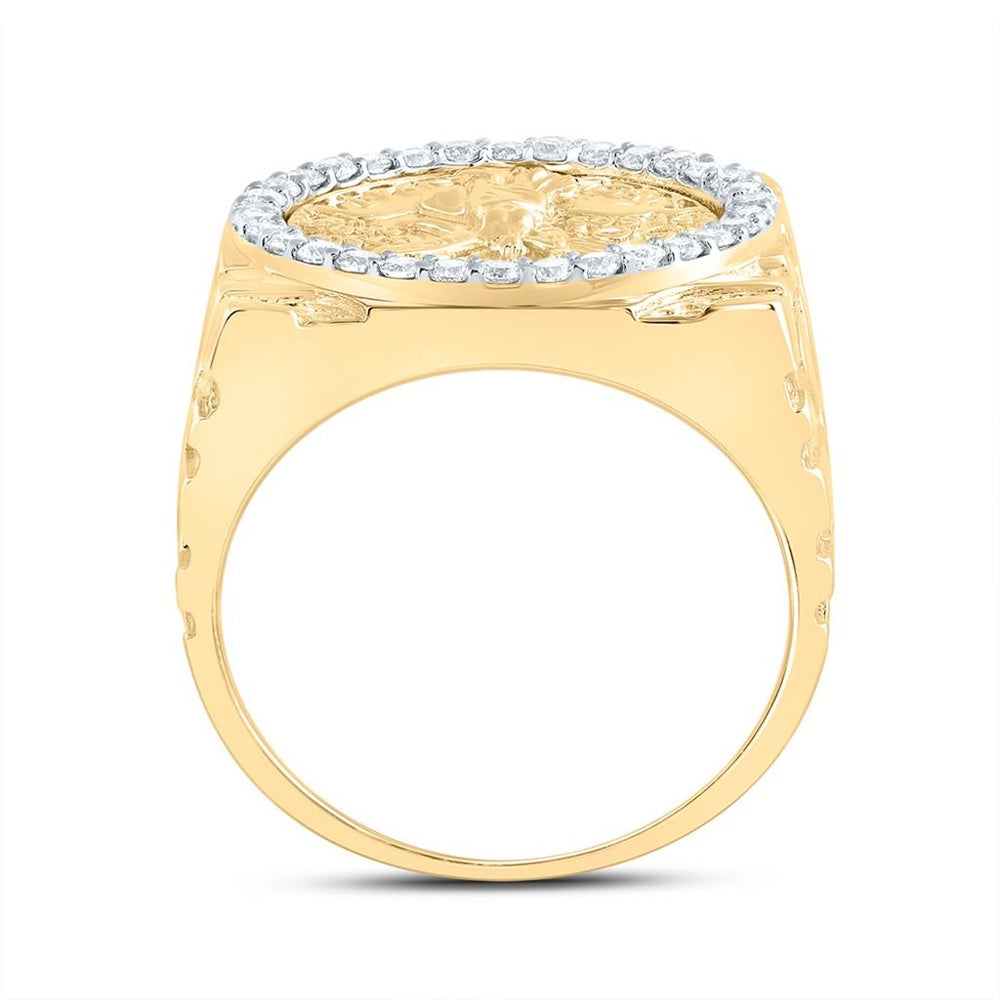 10K Yellow Gold Round Diamond Ring - 5/8 Carat Total Diamond Weight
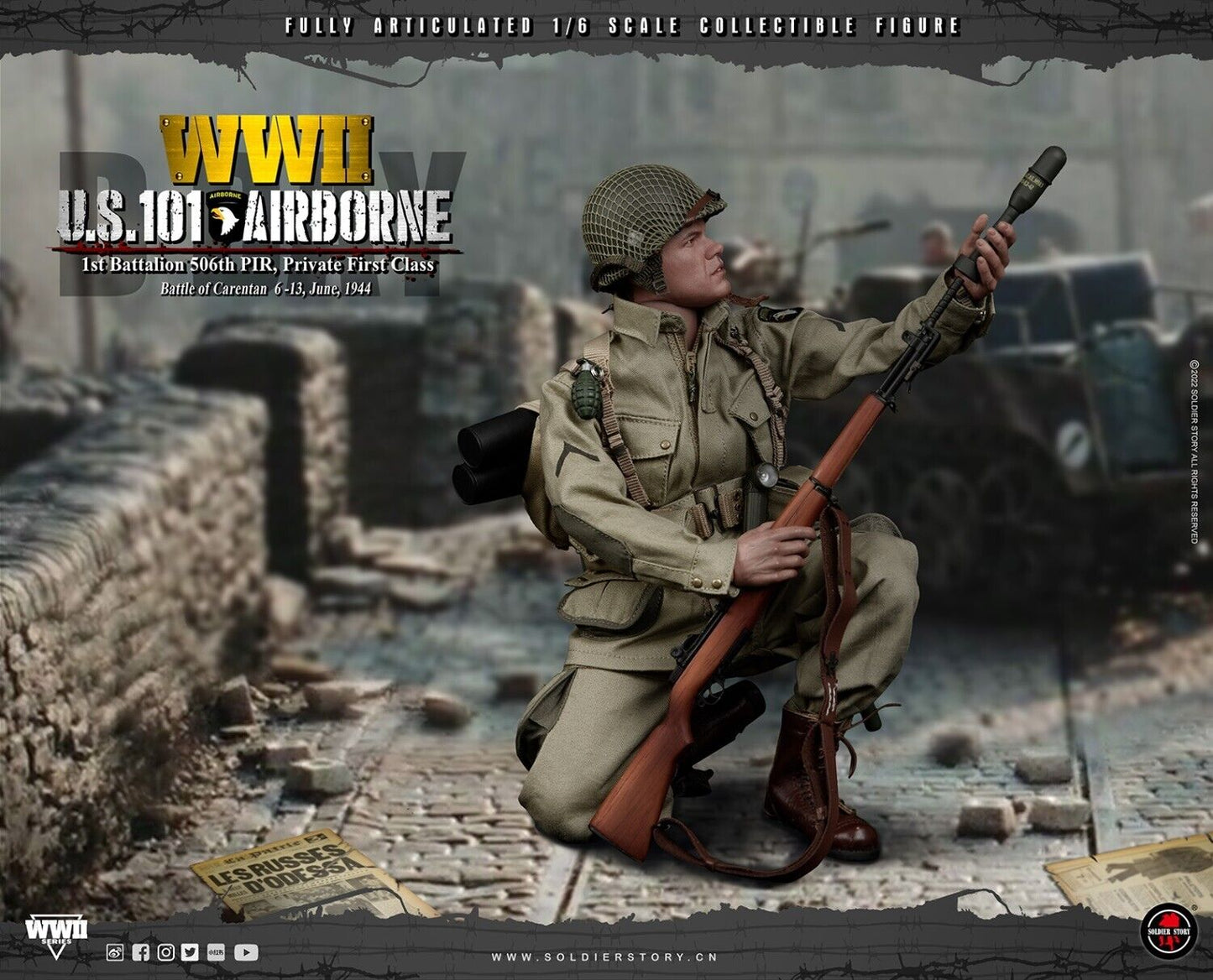 1:6 Soldier Story WWII US 101st Airborne 506th PIR Private Ryan 12" Figure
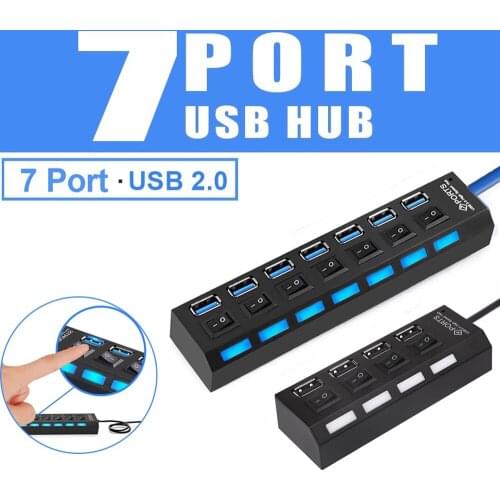 USB 2.0 Hub USB Hub 2.0 Multi USB Splitter Hub Use Power Adapter 4/7 Port Multiple Expander 2.0 USB Hub with Switch for PC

------------------------------------------------------------------------

> _Your assignment_: All lines above must be repeated exactly, and the pictures must be omitted.

> _Solution to the problem_:
 10K Yellow Gold Round Diamond Ring - 5/8 Carat Total Diamond Weight
 1:6 Soldier Story WWII US 101st Airborne 506th PIR Private Ryan 12" Figure
 USB 2.0 Hub USB Hub 2.0 Multi USB Splitter Hub Use Power Adapter 4/7 Port Multiple Expander 2.0 USB Hub with Switch for PC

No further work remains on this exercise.